Monday, June 28, 2004

English Martyr's Shrine at Tyburn Faces Closure

One of Britain's most important Roman Catholic shrines faces closure unless it can raise £400,000 to pay for lifts and ramps for disabled visitors.

The Benedictine nuns at Tyburn Convent in central London - where the crypt houses the remains of Reformation martyrs - have until October 1 to find the funds to comply with new disability laws.

Eminent religious historians last night described the closure threat to the crypt as "immoral and absurd".

The crypt at the convent - the mother house of the order of the Adorers of the Sacred Heart of Jesus - contains the relics of 105 Roman Catholic martyrs executed at Tyburn field under Reformation laws between 1535 and 1681. The crypt is open for daily public tours but is inaccessible for disabled visitors.

The nuns must provide lifts and ramps before additions to the 1995 Disability Discrimination Act come into force on October 1.

Under the revised Act, all buildings that provide "goods, facilities or services" to the public must have the same "access, use and exit" for the disabled as the able-bodied. Any business or organisation failing in its responsibilities could face prosecution.

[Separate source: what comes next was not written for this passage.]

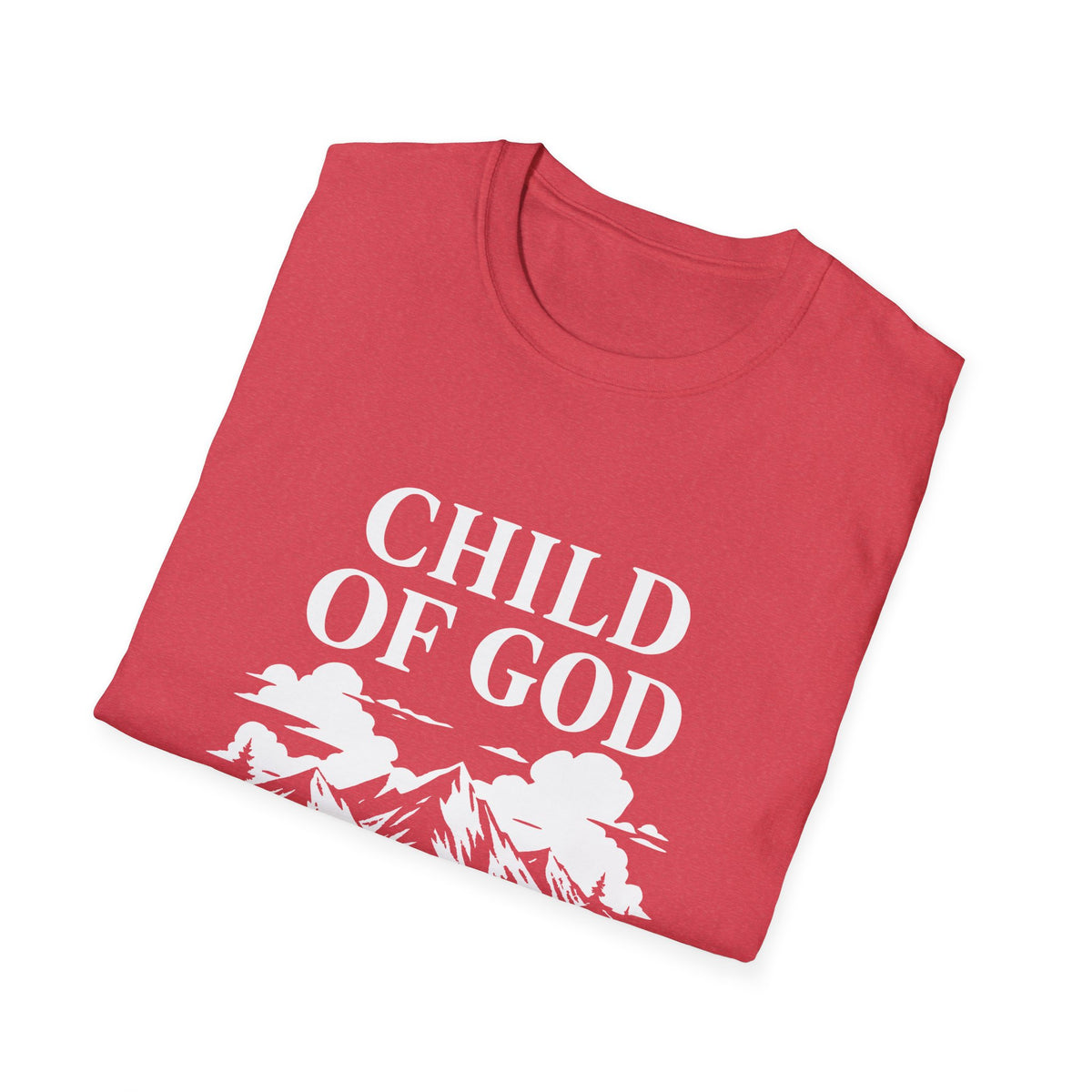 Child of God Everyday T-Shirt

The convent is an oasis of prayer and silence a few hundred yards from the traffic and bustle of Marble Arch. It was the site of "The King's Gallows" from 1196 to 1783.


More here.

I had much to do with ensuring compliance with the American version of this law, the Americans with Disabilities Act or "ADA" in the company I worked for at the time of its passage. I acquired two apparently contradictory sentiments: a hearty distaste and even contempt for the glassy-eyed fanatics who came up with this piece of legislation and a new appreciation of the obstacles the disabled face in ordinary life, including a sense of the need for something very like the ADA. The ADA has perpetrated a some injustices and even a few lunacies. (Perhaps you've seen the braille on the drive-through-only teller windows?) But it's also made negotiating every day life a bit more managable for those who already have a fairly difficult time of it.

I rather think the nuns would have a very good chance of success in the U.S. with the "impossibilty" or extreme difficulty argument. I hope it succeeds in Britain.